Torno alla baia per il periodo di pratiche amministrative e chiusura casa di fine stagione, e scatto una foto, poi la confronto con l’omologa ante covid in archivio. Ma queste possono interessare ai miei amici Cremascoltesi!, mi dico: stesso luogo, stesso soggetto, stesso artefice.

Una storia istruttiva: il signor P. è un ottantacinquenne chiamato “lo Squalo”. Un nome in codice per certi trascorsi politici “estremi”, si dice… o per un tentativo di salvare uno squalo boccheggiante spiaggiato, incurante del pericolo di un guizzo e un morso.

Cose  che capitano se un uomo diventa leggenda pur ancor vivente…

Se ne dicono tante su di lui, e lui sogghigna, ma non nega.

Ma veniamo agli aspetti meritori: la testimonianza spontanea “archeodromica”, quella di grande vitalità fisica e ideativa, l’impegno ecologico del nostro shark man… e un pizzico di evocazione anni ’60.
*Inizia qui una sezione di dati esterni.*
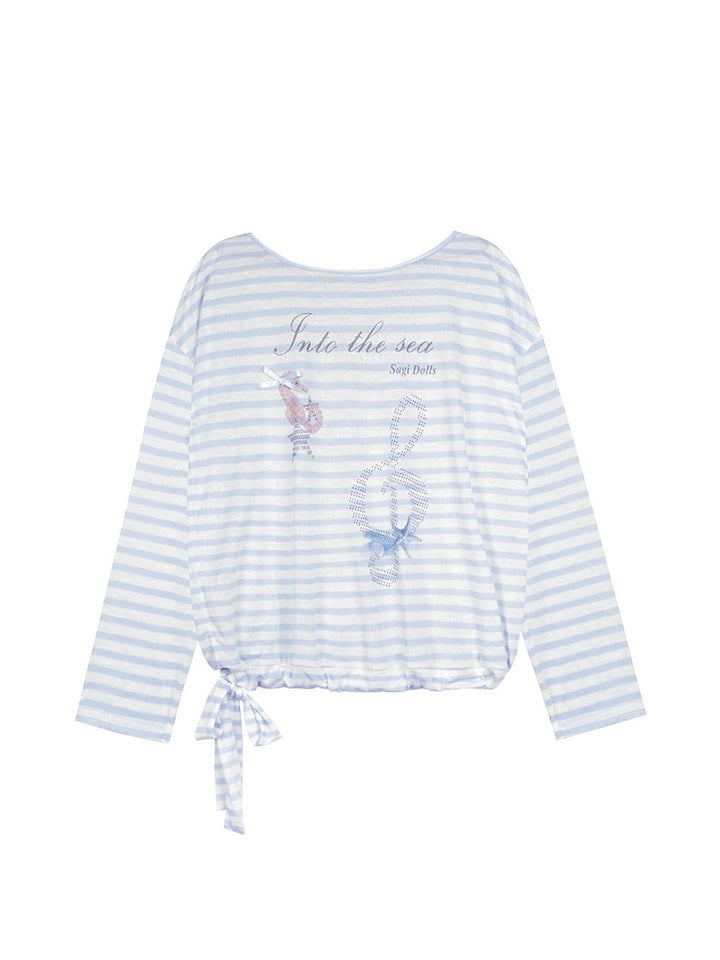 Ocean Graphic Blue Striped Long Sleeve Top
P. ha 85 anni, dicevamo, un piccola abitazione ufficiale (una vera, in muratura, con tanto di igienici!) in una baia a tre miglia marine circa dalla mia “delle sirene”, e tre grandi passioni: la canoa, ripulire le spiagge e far la capanna. Ma le cose si coniugano nel fatto che, approdando in canoa, fa le sue capanne, come si vede sempre tutte diverse e sempre più elaborate e ospitali, costruite con lo stesso materiale che il mare scaraventa sul bagnasciuga d’inverno, che lo Squalo annualmente ripulisce.

E così P. la mattina si incunea nella sua canoa e imbocca le rischiose “bocche di Capri” lo stretto animato da veloci correnti omologo di Scilla e Cariddi, e in tempi mitologici base operativa delle ammaliatrici, e cannibali, Sirene. E già, è qui che Ulisse le incontrò. Infatti, memore del mito lo Squalo nella sua antecedente capanna (a sinistra)  munisce di un pudico bikini un tronco con forma vagamente ginecomorfa.
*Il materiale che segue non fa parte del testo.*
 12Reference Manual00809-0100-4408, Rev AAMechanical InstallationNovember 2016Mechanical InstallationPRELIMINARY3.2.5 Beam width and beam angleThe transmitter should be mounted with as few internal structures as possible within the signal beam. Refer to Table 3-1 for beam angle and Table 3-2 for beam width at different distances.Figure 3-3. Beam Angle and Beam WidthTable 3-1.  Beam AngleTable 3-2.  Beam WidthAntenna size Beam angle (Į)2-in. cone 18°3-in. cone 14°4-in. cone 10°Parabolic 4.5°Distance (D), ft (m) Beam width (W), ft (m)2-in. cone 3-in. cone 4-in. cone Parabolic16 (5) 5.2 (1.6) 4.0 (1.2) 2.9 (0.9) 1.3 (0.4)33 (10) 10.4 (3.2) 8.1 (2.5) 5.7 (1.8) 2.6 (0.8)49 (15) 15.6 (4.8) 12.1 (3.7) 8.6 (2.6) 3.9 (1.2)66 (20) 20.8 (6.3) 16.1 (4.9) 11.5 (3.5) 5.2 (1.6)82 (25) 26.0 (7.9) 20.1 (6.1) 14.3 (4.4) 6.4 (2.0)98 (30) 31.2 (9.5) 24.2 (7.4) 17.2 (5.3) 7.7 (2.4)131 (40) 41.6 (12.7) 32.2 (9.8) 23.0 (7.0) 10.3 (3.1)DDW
Ma l’opera è tanto più meritoria in quanto il personaggio sa benissimo che  il mare ogni inverno distruggerà tutto, e dovrà ricominciare da capo in primavera, fin quando il miracolo della sua protratta gioventù continuerà.

Lo scopo? Un riparo per la frugale colazione prima di riprender la pagaia. Ma della sua opera peraltro non è per niente geloso: ben vengano bambini, coppie alla sera… tanto lui dopo il sopralluogo va, e lo si incontra ovunque,  nowhere man marino con tutto un carico di storia di vita intensamente vissuta e voglia di viverne ancora.
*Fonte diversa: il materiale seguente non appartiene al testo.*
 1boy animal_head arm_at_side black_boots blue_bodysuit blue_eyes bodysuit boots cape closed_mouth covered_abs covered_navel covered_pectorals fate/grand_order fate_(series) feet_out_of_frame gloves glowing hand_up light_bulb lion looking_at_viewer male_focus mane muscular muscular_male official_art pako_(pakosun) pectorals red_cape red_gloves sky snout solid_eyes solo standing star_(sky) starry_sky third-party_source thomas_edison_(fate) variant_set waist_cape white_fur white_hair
E ne avete a chieder lumi, non parla! E c’è chi dice: “perché non può!”

Ma la capanna parla per lui, a partire dalla bandiera pacifista, e poi motti, molti in spagnolo, testimonianze di un imprecisato, o segreto, periodo cubano.

Grazie Shark, grazie per le tue testimonianze un po’ naif, per aver mantenuto un cuore sessantottino puro, grazie dell’insegnamento di civismo, di strenua energia senile, e auguri di tanti anni di capanne, sempre più ambiziose.

Ci vediamo il prossimo anno, per inaugurare magari la palafitta a due piani, ma solo di scarti di recupero, mi raccomando! Raccomandazione inutile.

ADRIANO TANGO

19 Set 2021 in Antropologia

21 commenti

Commenti

  • Bella questa storia di tenacia, di caparbietà e la fedeltà e la coerenza. Aveva ragione Nietzsche quando diceva che si costruisce sempre sulla sabbia, ma si deve credere di costruire sulla roccia. Quanti di noi abbassano la vela anche quando c’è ancora un refolo di vento.

    • Magari il suo orientamento politico può non piacere a tutti, ma se togliamo al mondo testimonianze così, e ne ho altre qui, dove certe figure sono fuori tempo, che ci resta? Sicuramente anche da “destra” ci saranno figure di galantuomini laboriosi di questo stampo “un po’ naif”. La buona salute poi… Franco, “l’inglese” ancora si arrampica, alla stressa età sul fianco per monte per rubare quel certo raggio che tornerà fra un anno con la sua reflex, dalla cui immagine nascerà un quadro, ma nella vita un tabaccaio con un trascorso londinese, ad esempio, e tanti altri, purtroppo solo vecchi, a estinzione. Maledetto turismo, maledetti soldi facili.

  • Gran bel personaggio, fascinoso e fiero della sua libertà (ops! che abuso che se ne stà facendo, in mdo invero vergognoso!!!).
    Il “nome in codice per certi trascorsi politici “estremi”, si dice…” mi ha fatto andare ad una altro personaggio della “politica” (rivedere lo stupendo “IL DIVO” 2008 di Paolo Sorrentino), editore del settimanale “Il Sabato”, faceva parte della corrente di Giulio Andreotti, chiamata Primavera, soprannominato “lo squalo”!
    Che abissale differenza tra i due, a dispetto dello stesso soprannome!!!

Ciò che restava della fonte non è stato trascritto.